Gemini Robotics On-Device brings AI to local robotic devices

202 points 1 day ago

82 comments meetpateltech deepmind.google

I’m optimistic about humanoid robotics, but I’m curious about the reliability issue. Biological limbs and hands are quite miraculous when you consider that they are able to constantly interact with the world, which entails some natural wear and tear, but then constantly heal themselves.

gene-h 13 hours ago

Industrial robots at least are very reliable, MTBF is often upwards of 100,000 hours[0]. Industrial robots are optimized to be as reliable as possible because the longer they last and less often they need to be fixed, the more profitable they are. In fact, German and Japanese companies came to dominate the industrial robotics market because they focused on reliability. They developed rotary electric actuators that were more reliable. Cincinnati Millicron(US) was out competed in the industrial robot market because although their hydraulic robots were strong, they were less reliable.

I am personally a bit skeptical of anthropormophic hands achieving similarly high reliability.

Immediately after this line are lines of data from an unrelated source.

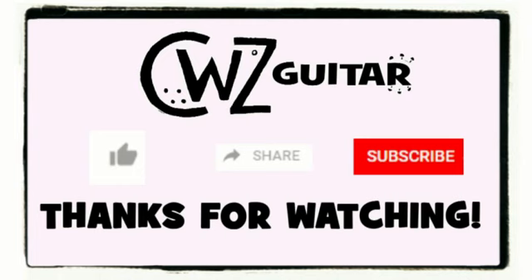Thanks for checking out the video, everybody — like it, share it, leave a comment, it's always good to hear from you. Do me a favor and hit the subscription button; I put out videos pretty frequently so you don't want to miss out. Check out the links in the description box below — I have links for tablature books, all the gear I use, t-shirts, fun stuff like that. Thank you very much, and we'll see you next time.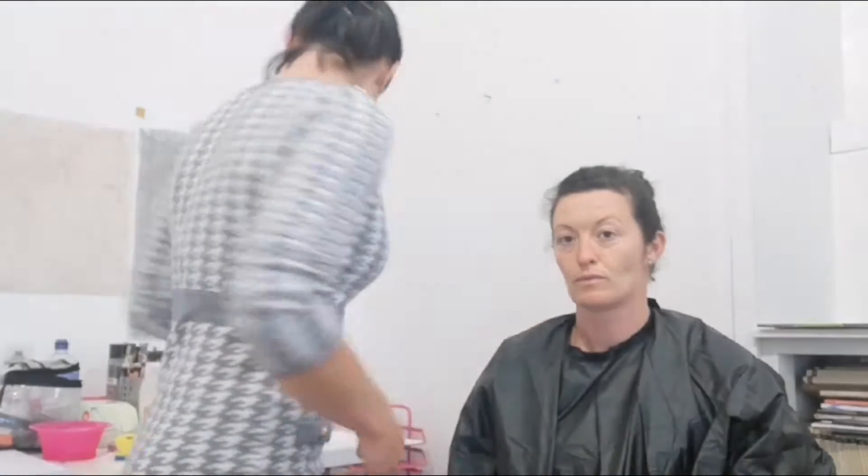My name is Julie Caulfield and I'm a makeup artist working in TV and film. Today I'm going to do a tutorial for you to show you how to do bruises, cuts, and a general beaten up look. Everything I'm using today is all going to be from your joke shops. You don't have to use very expensive makeup, so I'm going to do it as budget friendly as I possibly can.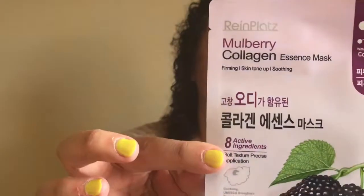My next one is from Rhine Platts. This is the Mulberry Collagen Mask. Don't mulberries sound like a delicious springtime snack? This mulberry mask will provide firming, soothing, and toning benefits using one of their favorite ingredients — hydrolyzed collagen. Key ingredients: Morris Alba fruit extract, hydrolyzed collagen, and chamomilla or cuda leaf extract. This one sounds interesting.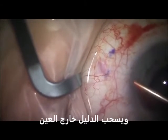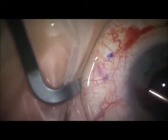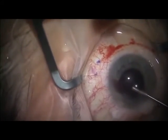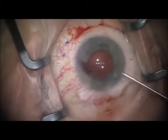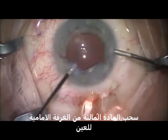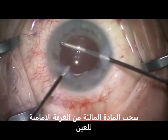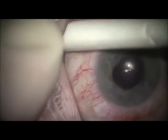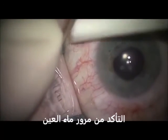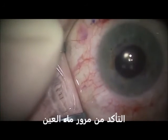The implant swells, which prevents it from migrating from the original position it was placed in. Aqueous humor will begin to flow, creating a low-lying bleb. Remove OVD from the anterior chamber to allow full aqueous flow. The Zen gel stent is delivered into the non-dissected tenons, creating a connection from the anterior chamber to the sub-conjunctival space.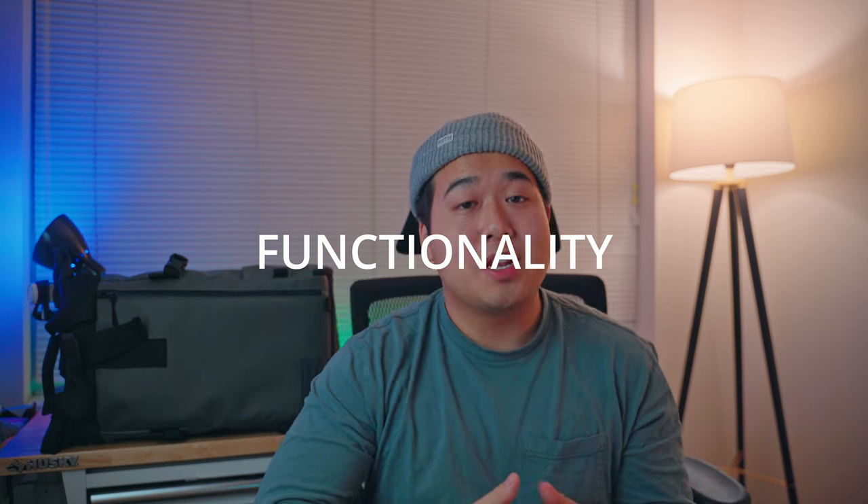So security, functionality, and comfort are the three reasons why I chose to upgrade my bag to the Wandrd Prvke 21 liter. If you liked this video, please drop a like and a comment and hit that subscribe button — it really helps me out and let's continue to grow together. Thanks guys, peace.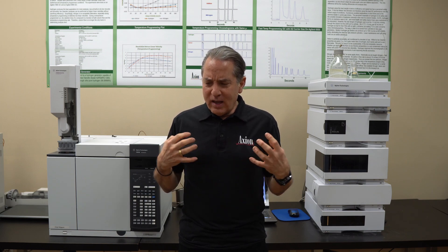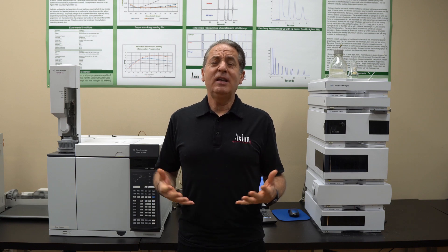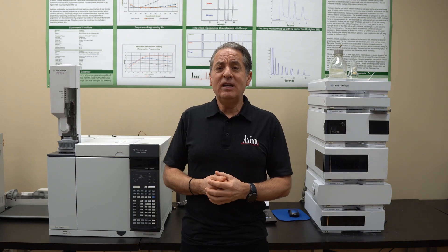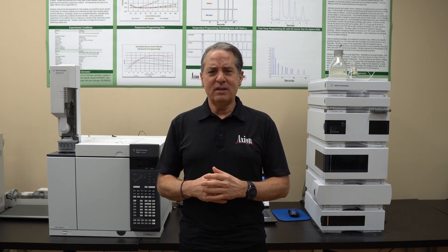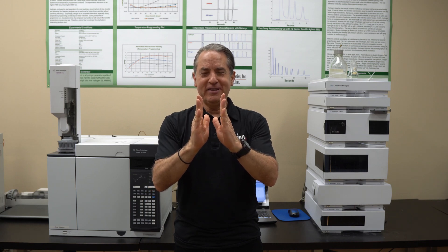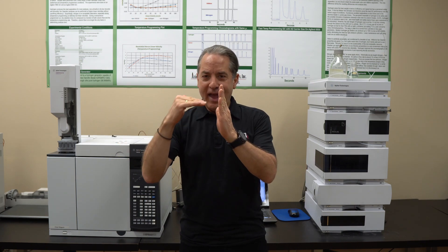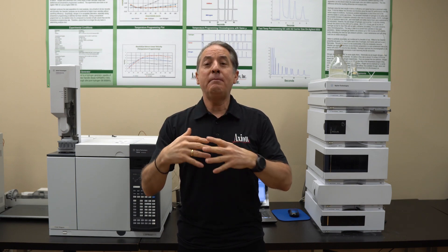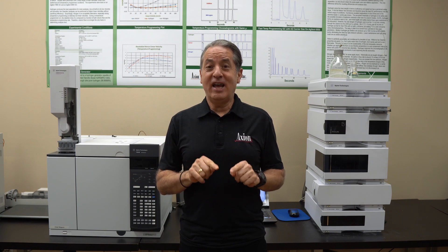So let's say we get this GC, we get the good high purity gases. Electricity — nothing real surprising here. You need a dedicated 20 amp circuit for most GCs. A dedicated 20 amp means the plug sort of looks like this instead of like this, if that makes sense to you. So it's a regular wall outlet but it has that side piece in it. That means electricians know that when you plug that in, that is a dedicated 20 amp circuit.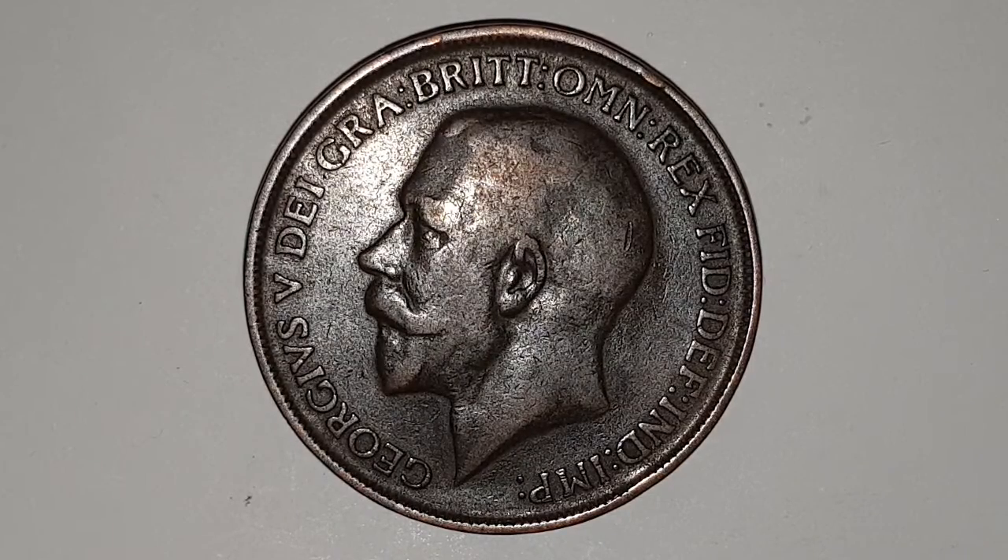In the centre you have King George V facing to the left, and you have the surrounding legend which is abbreviated Latin. And that's in English: King George V, by the grace of God, King of all Britons, Defender of the Faith, Emperor of India. I'm going to turn the coin over to show you the reverse side.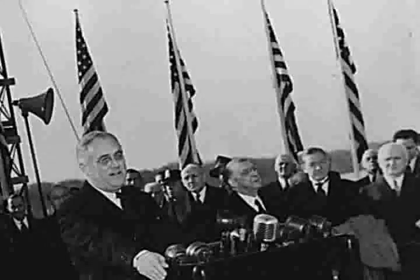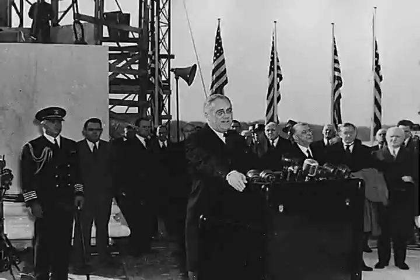On November 15, 1939, President Roosevelt laid the memorial cornerstone. Inside of it, he placed copies of the Declaration of Independence and U.S. Constitution.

There's just too many small parts that need to withstand high forces.

[0]https://robotsdoneright.com/Articles/what-are-the-different-...

ragebol 7 hours ago

If you E-stop an industrial robot, it stops immediately, all OK. If a humanoid were to freeze like that, it would fall over and hurt you and your stuff on the way down, when it'll damage itself.

Mechanical reliability is not the main concern IMO

marinmania 1 day ago

It does either get very exciting or very spooky thinking of the possibilities in the near future.

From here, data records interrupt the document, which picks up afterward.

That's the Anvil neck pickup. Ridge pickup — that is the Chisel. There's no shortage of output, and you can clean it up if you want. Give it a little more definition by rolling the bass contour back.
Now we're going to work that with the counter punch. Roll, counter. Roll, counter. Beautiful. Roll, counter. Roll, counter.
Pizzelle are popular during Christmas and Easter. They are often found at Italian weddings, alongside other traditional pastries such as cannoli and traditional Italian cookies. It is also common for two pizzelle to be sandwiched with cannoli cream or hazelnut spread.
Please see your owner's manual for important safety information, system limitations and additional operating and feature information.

I had always assumed that such a robot would be very specific (like a cleaning robot) but it does seem like by the time they are ready they will be very generalizable.

I know they would require quite a few sensors and motors, but compared to self-driving cars their liability would be less and they would use far less material.

fragmede 1 day ago

The exciting part comes when two robots are able to do repairs on each other.

marinmania 1 day ago

I think this is the spooky part. I feel dumb saying it, but is there a point where they are able to coordinate and build a factory to build chips/more of themselves? Or other things entirely?

bamboozled 1 day ago

Of course there is

ta988 9 hours ago

But this still has a massive cost. Replacing or repairing an actuator isn't cheap, in material and in time of unavailability.

jacobaul 7 hours ago

To maybe get a little carried away with the sci-fi for a minute, why does the Actuator need to cost anything?

When the tree of costs that make up a product are traced, surely all the leaf nodes are human labour? As in, to make the actuator, I had to pay someone to assemble it and I had to buy the parts. Each part had a materials cost and a labour cost. So it goes for the factory that made the fasteners, the foundry that made the steel, the mine that extracted the ore.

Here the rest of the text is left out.